- **Task item**
What should be copied is the stretch of entries below from the line with "Pembe Çift Yakalı" up to and including the line with "3-F EM-528N_DCAC Rozdzielnica", exactly and without images.

- **Task data**
──────

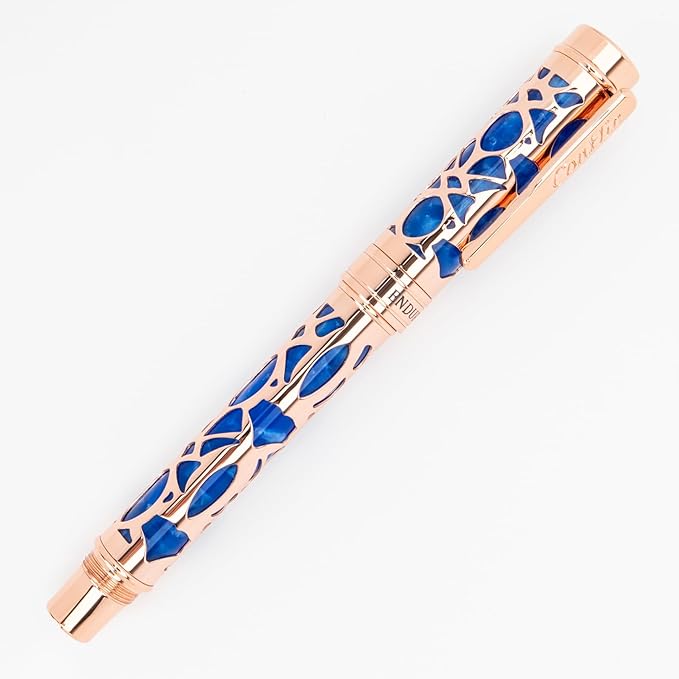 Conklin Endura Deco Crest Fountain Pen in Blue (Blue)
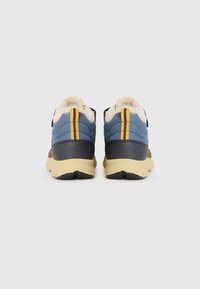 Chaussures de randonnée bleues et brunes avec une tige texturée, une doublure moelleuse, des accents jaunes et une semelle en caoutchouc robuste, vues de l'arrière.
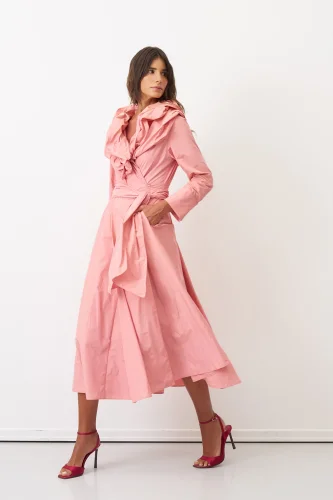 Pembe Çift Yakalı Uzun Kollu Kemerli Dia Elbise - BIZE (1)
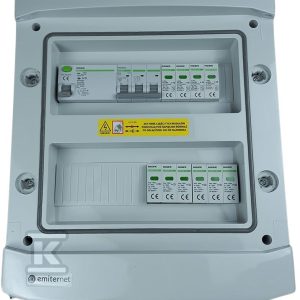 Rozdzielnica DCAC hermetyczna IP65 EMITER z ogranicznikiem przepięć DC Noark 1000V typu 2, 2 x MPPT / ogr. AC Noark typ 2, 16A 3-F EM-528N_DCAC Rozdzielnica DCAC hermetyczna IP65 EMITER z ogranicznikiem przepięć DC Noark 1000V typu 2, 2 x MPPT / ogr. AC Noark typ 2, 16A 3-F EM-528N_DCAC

──────

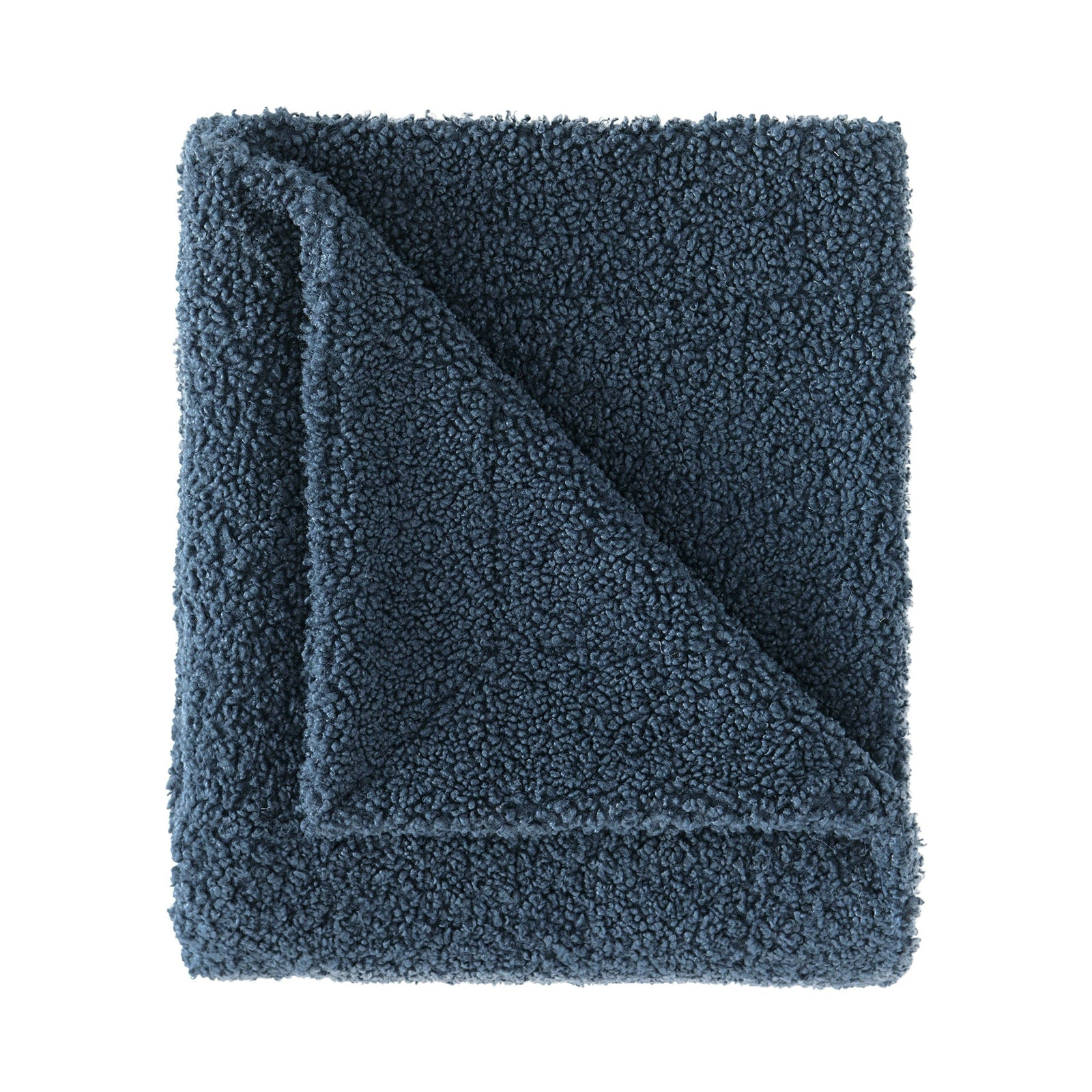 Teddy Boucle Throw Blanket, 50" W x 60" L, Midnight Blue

──────

- **Your solution**
 Pembe Çift Yakalı Uzun Kollu Kemerli Dia Elbise - BIZE (1)
 Rozdzielnica DCAC hermetyczna IP65 EMITER z ogranicznikiem przepięć DC Noark 1000V typu 2, 2 x MPPT / ogr. AC Noark typ 2, 16A 3-F EM-528N_DCAC Rozdzielnica DCAC hermetyczna IP65 EMITER z ogranicznikiem przepięć DC Noark 1000V typu 2, 2 x MPPT / ogr. AC Noark typ 2, 16A 3-F EM-528N_DCAC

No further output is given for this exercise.